Assignment: Please output, exactly and without pictures, the lines from the opening of the listing below through the line containing "Картинка Нагрудник/слюнявчик для", both included.

Supplied data:
——————

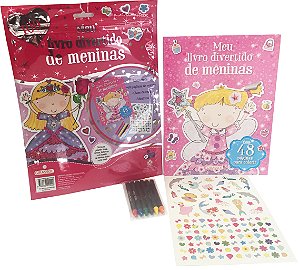 Livro Meu Livro Divertido De Meninas - Vol. 4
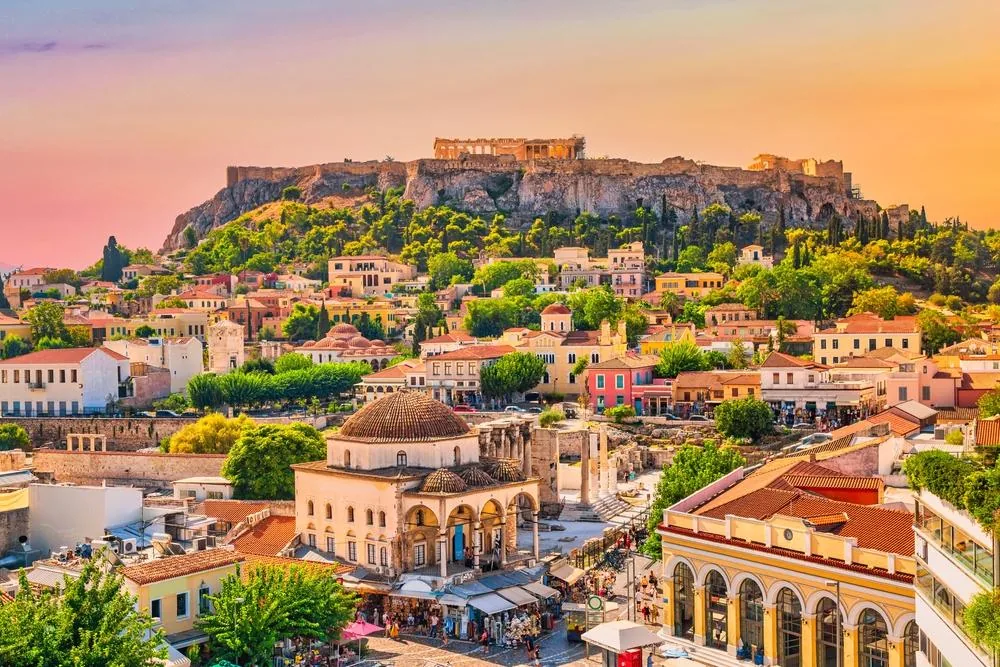 Atene, vikend v mestu, 4 dni – galerija 1
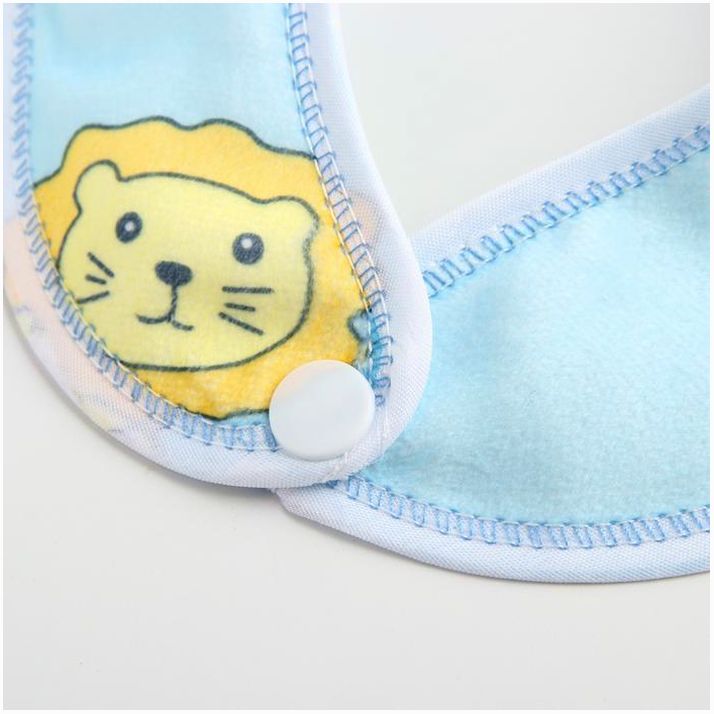 Картинка Нагрудник/слюнявчик для кормления «Мой малыш» на кнопке, МИКС (№2315130) от магазина Мир детей Товары для Новорожденных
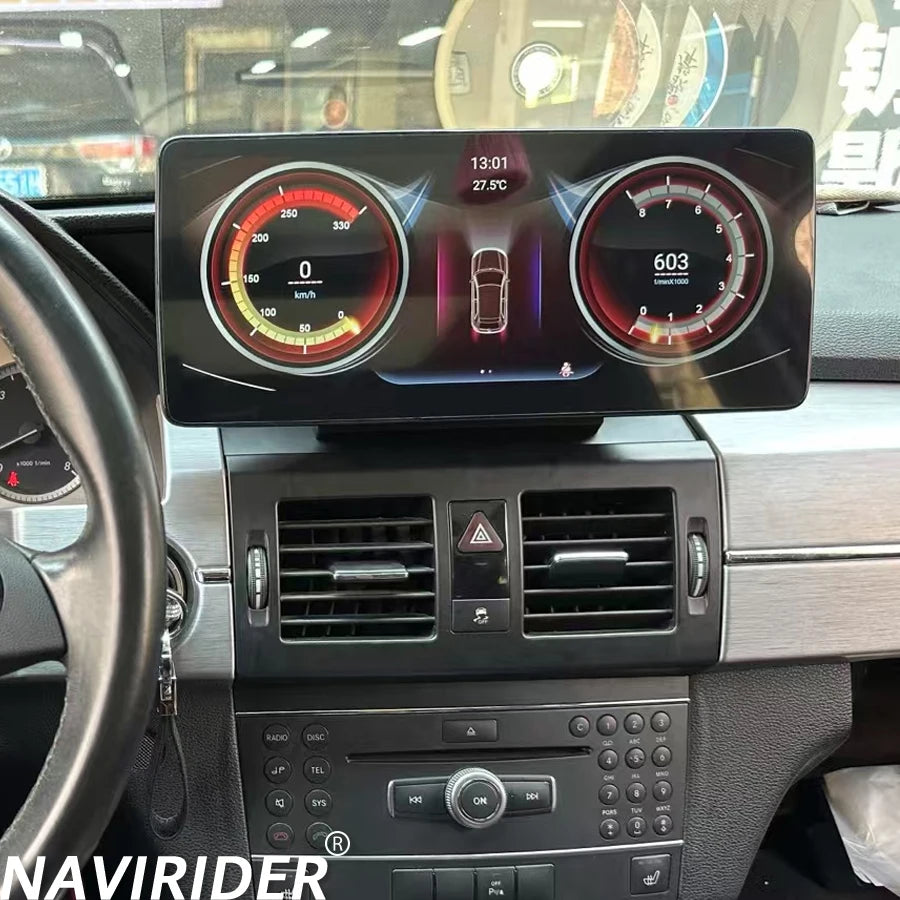 CarPlay For Benz GLK 280 GLK300 GLK350 GLK260 GLK200 X204 GLK 2008 - 2012 GPS 12.8Inch Scr | AUTOKITSHOP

——————

Written answer:
 Livro Meu Livro Divertido De Meninas - Vol. 4
 Atene, vikend v mestu, 4 dni – galerija 1
 Картинка Нагрудник/слюнявчик для кормления «Мой малыш» на кнопке, МИКС (№2315130) от магазина Мир детей Товары для Новорожденных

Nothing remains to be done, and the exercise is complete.